It was also a mild surprise to see a Crested Goshawk nearby - verified to be an juvenile female after matching my extensive notes with bird books - which was probably the same raptor I found there about two weeks ago.

The number of Grey wagtails seems to have become stable, with one or two seen each time. In this case they will stay until spring. On the other hand my first White wagtail of the season- one with gray back and plain white face, a 1st winter leucopsis according to Viney's - was found on a flat mud lump on the reservoir. These are all the birds worth of recalling. It was already ten in the morning.

The local birds then were predominantly heard than seen, until I met a mixed flock of five species of babblers, including a few seldom-met Grey-cheeked fulvettas.

It was not until when I returned from the top that I found an Asian paradise flycatcher in a moderately sized bird wave, again with the presence of Velvet-fronted nuthatches. Today the paradise flycathcher displayed its flight skills by flying across my path twice and once perching low as half a metre from the ground. Very soon a male Black-winged cuckoo shrike was seen carrying a winged insect in its mouth. It was worth to note that so far it was all males seen. It was nearly the same from memories of past years. A member of its kind was seen lower down. Would it be three seen next time, I wondered.

It was interesting to be able to say there were two species of Artic warbler type seen, one obvious grayer in the crown clefted in the hind part and white shoulder arch clearly discerned. And it was with glee that I found a Blyth's leaf warbler, its crown pattern being familiar to me.

It was time to see thrushes and it was not a surprise to hear one.

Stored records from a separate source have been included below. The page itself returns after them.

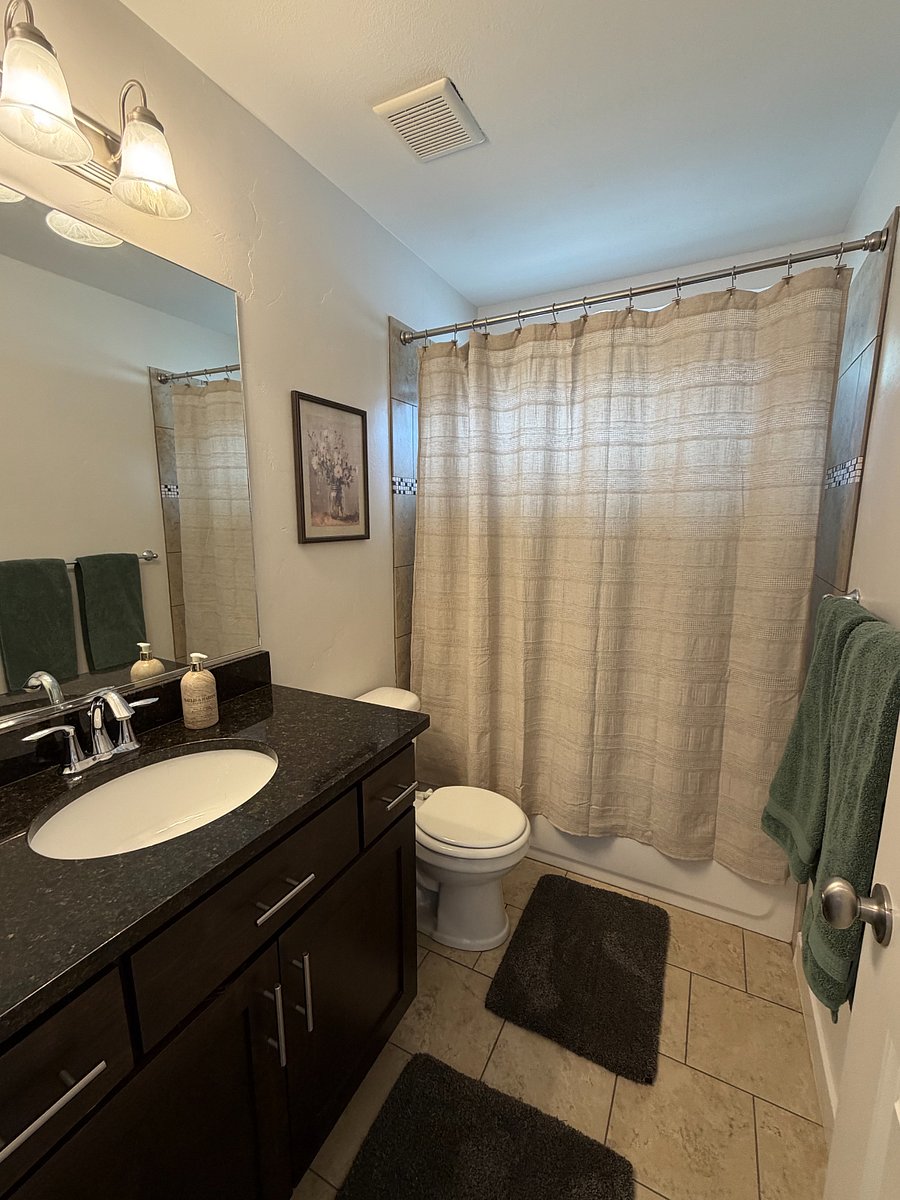 Main floor hall bath with tub/shower combination and granite vanity.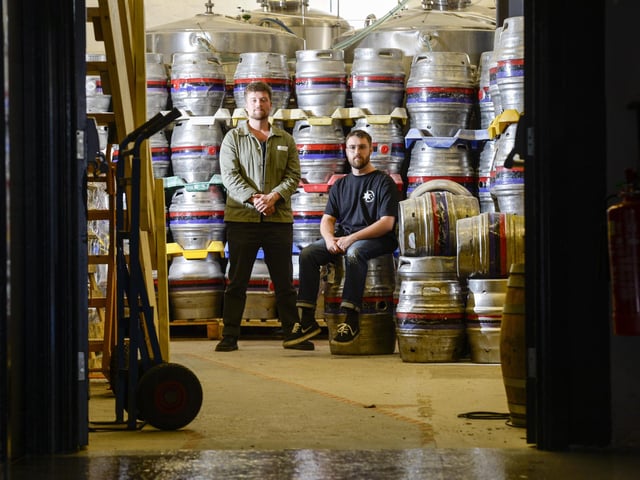 Jordan Roberts and Ben Smith, from the Factory Floor team, looking from Neepsend Brewery Co. towards the bar.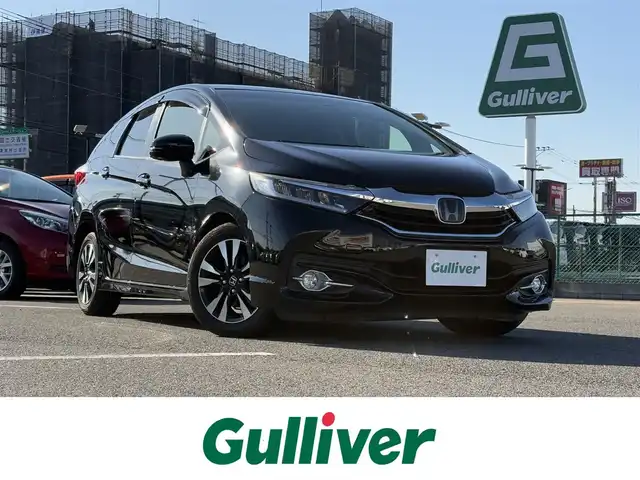 ホンダ シャトル ハイブリッド X ホンダセンシング 大分県 2018(平30)年 7.9万km クリスタルブラックパール レーダークルーズコントロール/ステアリングスイッチ/パドルシフト/ETC/オートライト/LEDヘッドライト/衝突軽減ブレーキ/レーンキープアシスト/シートヒーター/ハーフレザーシート/フォグランプ/電動格納ミラー/純正アルミホイール/サイドバイザー/フロアマット
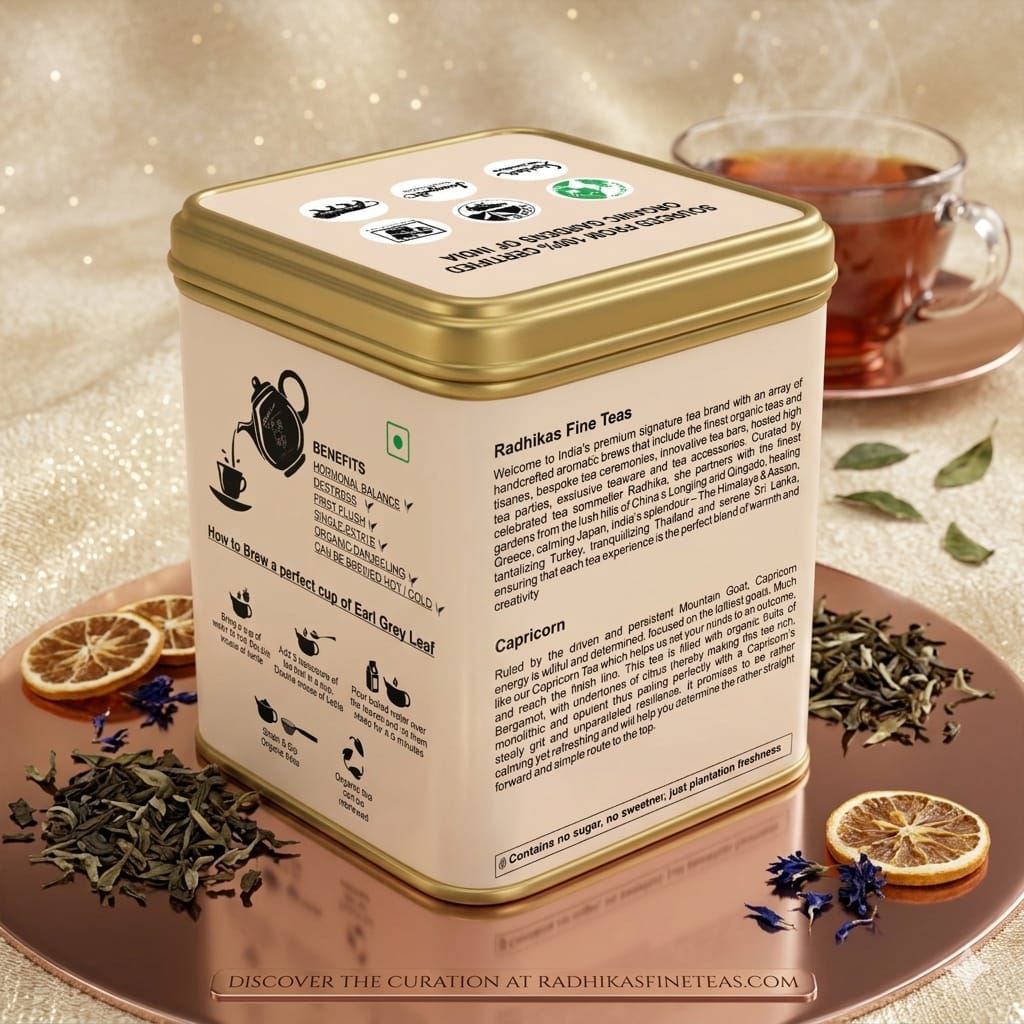 Tea tin with tea leaves and a cup of tea on a decorative surface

The last migrant seen was a non-breeding Cattle egret seen on a patch of grass, which didn't retreat to let a human passer-by walk within feet but flew from my sight when I went near.

S L Tai

[ Last edited by tsheunglai at 23/10/2011 19:39 ]


23rd October 2011

I willed myself up with an effort, challenging what had made me setting the alrarm clock at
twenty past five. The minibus driver was non-coperative. Another driver would have started the car at 7 a.m. but my present one kept me waiting until it was near seven ten.

In sptite of all my grumblings I got everything ready, binoculars, pen and notebook and my hat so that I could begin once alight on ground. It was seven twenty-five when I started up the stairs of Pineapple Dam.

Sundays at Shing Mun/Lead Mine Pass area is a favoutite place for family outings, group hikers and joggers. People training for the coming Oxfam Trailwalkers 2011 kept overtaking me. Single birds on the ground were impossible. Even Olive-bakced Pipits which I heard kept themselves out of the humans' way.

It was noticeably evident that Grey and White wagtails were still on the increase. Casually counted there were four of the former and two of the latter.

Shortly before I ascended the slopy part of Lead Mine Pass I heard tits calling. But surely there was something else. The calling notes of an Ashy drongo were heard. Applying concentration I located the bird of the white-face subspecies with ease, exactly like the one photoed by P K Kwan at Tai Po Kau the previous morning, the only difference being it having a winged insect caught in its mouth.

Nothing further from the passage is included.